What is non-existent is any truth to that notion. Ms Quinn’s brisk, scholarly romp across the arc of European history shows that, far from being rare, contact across and between cultures, often over surprisingly long distances, has been the main motor of human advancement in every age. Rather than being prickly and inward-looking, most societies have proved receptive to ideas, fashions and technologies from their neighbours.

Ancient Greece, for example, was less a place of origins than of transmission from Egyptian, Sumerian, Assyrian and Phoenician cultures, which themselves had mixed and exchanged ideas. And rather than being the wellspring of democracy, Athens was “something of a latecomer” to a form of governance that appears to have been first tried in Libya and on the islands of Samos and Chios. Persians, eternally cast as Greeks’ polar opposites, actually imposed democracy on Greek cities that they ruled, suggesting “considerable Persian faith in popular support for their own hegemony”, Ms Quinn notes.
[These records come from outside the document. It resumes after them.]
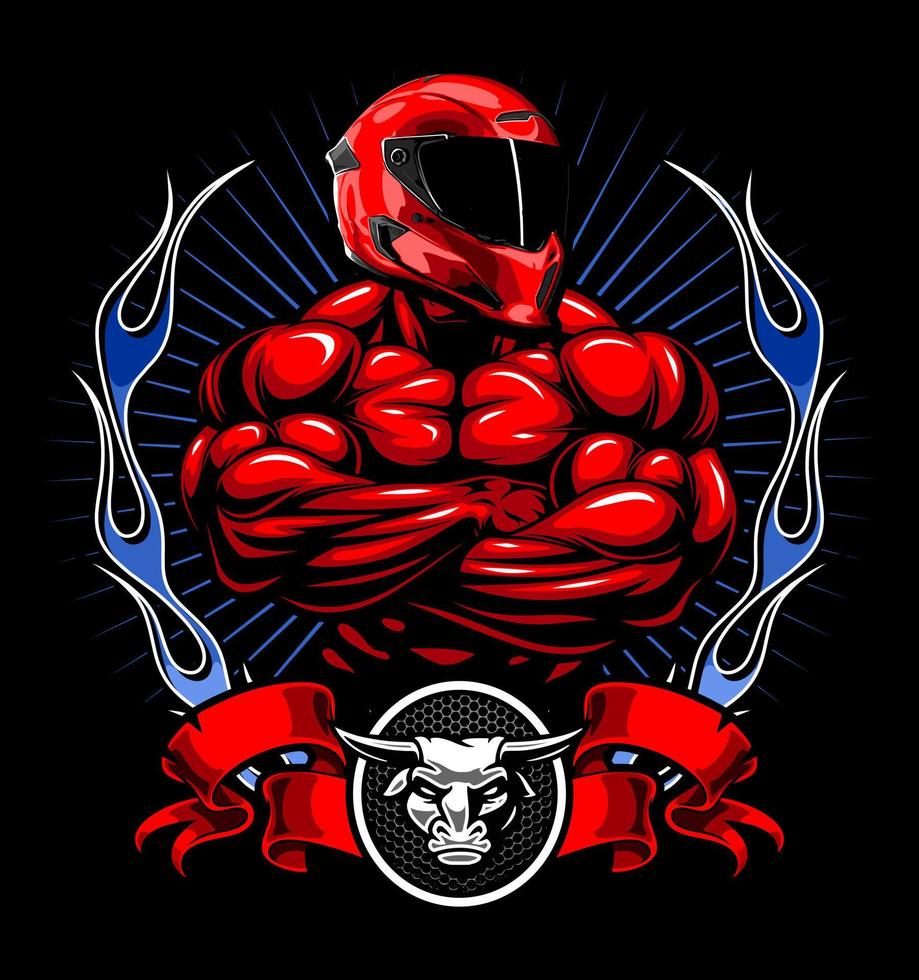 red bodybuilder with helmet vector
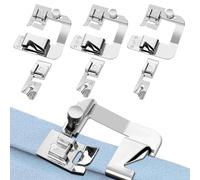 Tunejoy Pied de Biche Machine a Coudre avec 3 Pieds presseurs à Ourlet roulé Large 4/8 6/8 8/8 Pouces e 3 Pieds à Ourlet rouléétroit 3/4/6 mm 6 Pièces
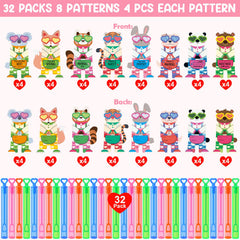 LEASEN animal-themed Valentines cards hugging bubble wands for party favors.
This retelling of the West’s story scintillates with its focus on the unexpected and on the interstices between realms and eras rather than on history’s big, solid bits. But it is also an admirable work of scholarship. Ms Quinn’s 100-plus pages of footnotes reveal that she relied not only on a wide range of primary sources, but also on scientific studies on climate change and very recent archaeological research.
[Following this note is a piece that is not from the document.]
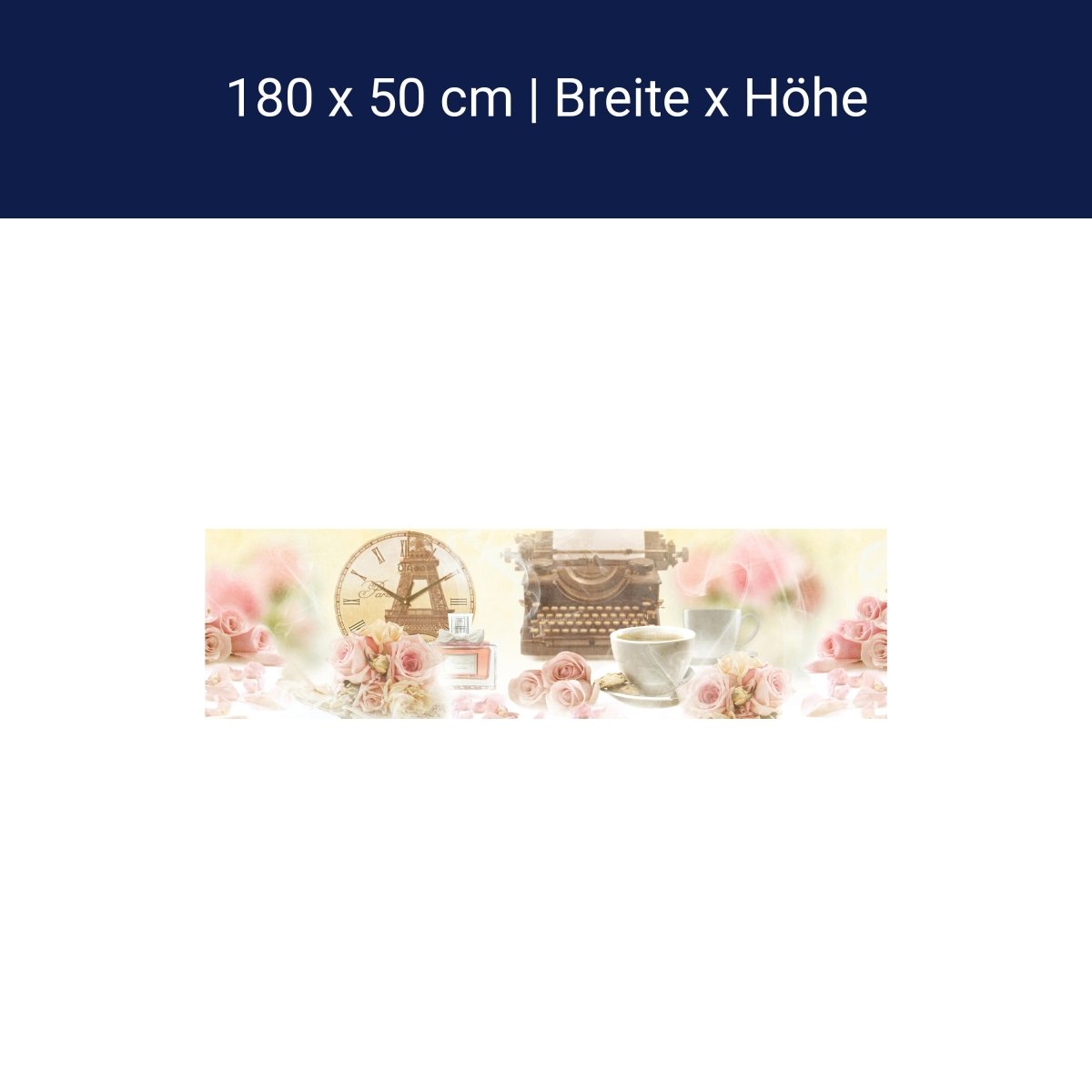 Küchenrückwand Rosen Rauch Uhr Schreibmaschine Kaffee M1118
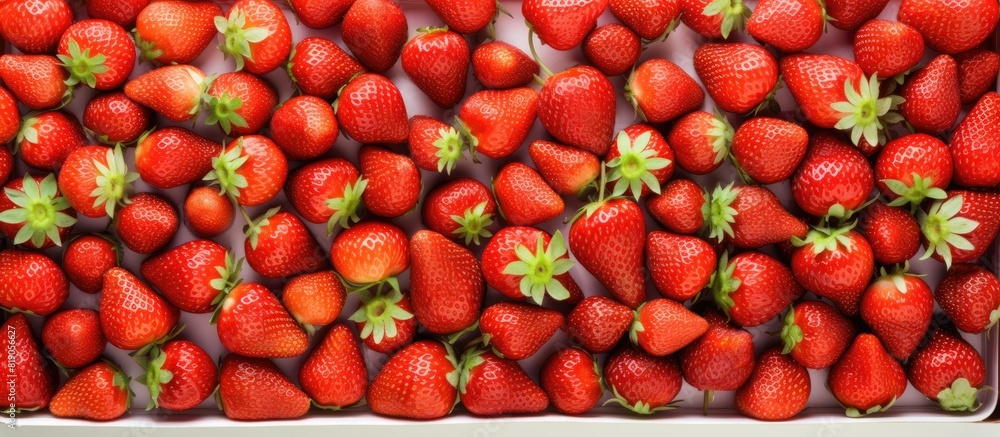 Poster A close up top view of strawberries spread out on a white surface inside a recycled paper food container There is empty space available for text or objects in the image. copy space available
Link to the rest at The Economist

What’s a 21st Century historian to do to gain press coverage? Agree with the best minds in her field of study?
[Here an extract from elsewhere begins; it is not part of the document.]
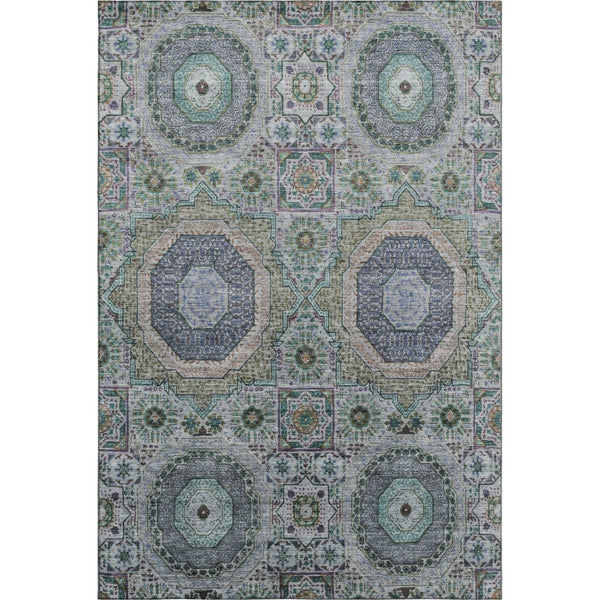 HomeRoots 10' Green, Blue & Gray Medallion Area Rug - Washable, UV-Protected, Stain-Resistant for High-Traffic Spaces 708217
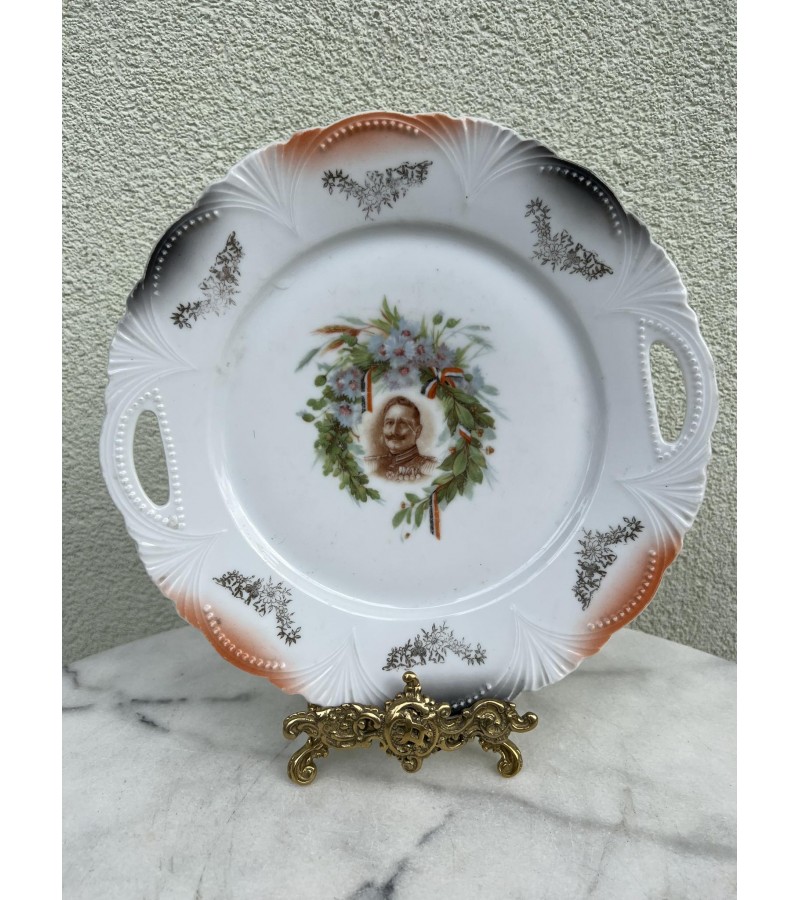 Lėkštė porcelianinė, I Pasaulinio karo laikų (l PK), Kaiser Wilhelm II, Kaizerio Vilhelmo II atvaizdas. Kaina 68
Of course not. That sort of thing would be very unfashionable. Debunking generally agreed-upon historical verities will be much more shocking, although PG wonders if this sort of history hasn’t been over-tilled by previous debunkers.

Of course, looking back through a contemporary lens is always going to reveal happenings that are quite stupid and barbaric by contemporary Oxonian faculty luncheon standards.

Of course ancient Greeks borrowed ideas from other cultures. Intelligent groups of people have always done that. Oxford borrows from Cambridge and vice versa. What are sabbaticals for other than spending time away from one’s own campus looking for good ideas to steal from other sources?

1 thought on “The history of the West is not quite what you learned in school”

  1. Oxford does not borrow from Cambridge. Cambridge does not borrow from Oxford. They both shamelessly steal — ranging from dark-alley muggings to stealthy nighttime raids on vaults — while University College London is the fence “honest pawnbroker.”† Rumors that Changelings from the less-prestigious of the two are to be found in all faculty dining rooms are just that: Rumors.

    † I can neither confirm nor deny any involvement of inferior institutions from outside the Empire in any of this, particularly from the Colonies. (Just try dealing with them on a professional basis for anything other than hard-core obvious weapons development while stationed Over There and very diplomatically not raising an eyebrow at some of the condescension.)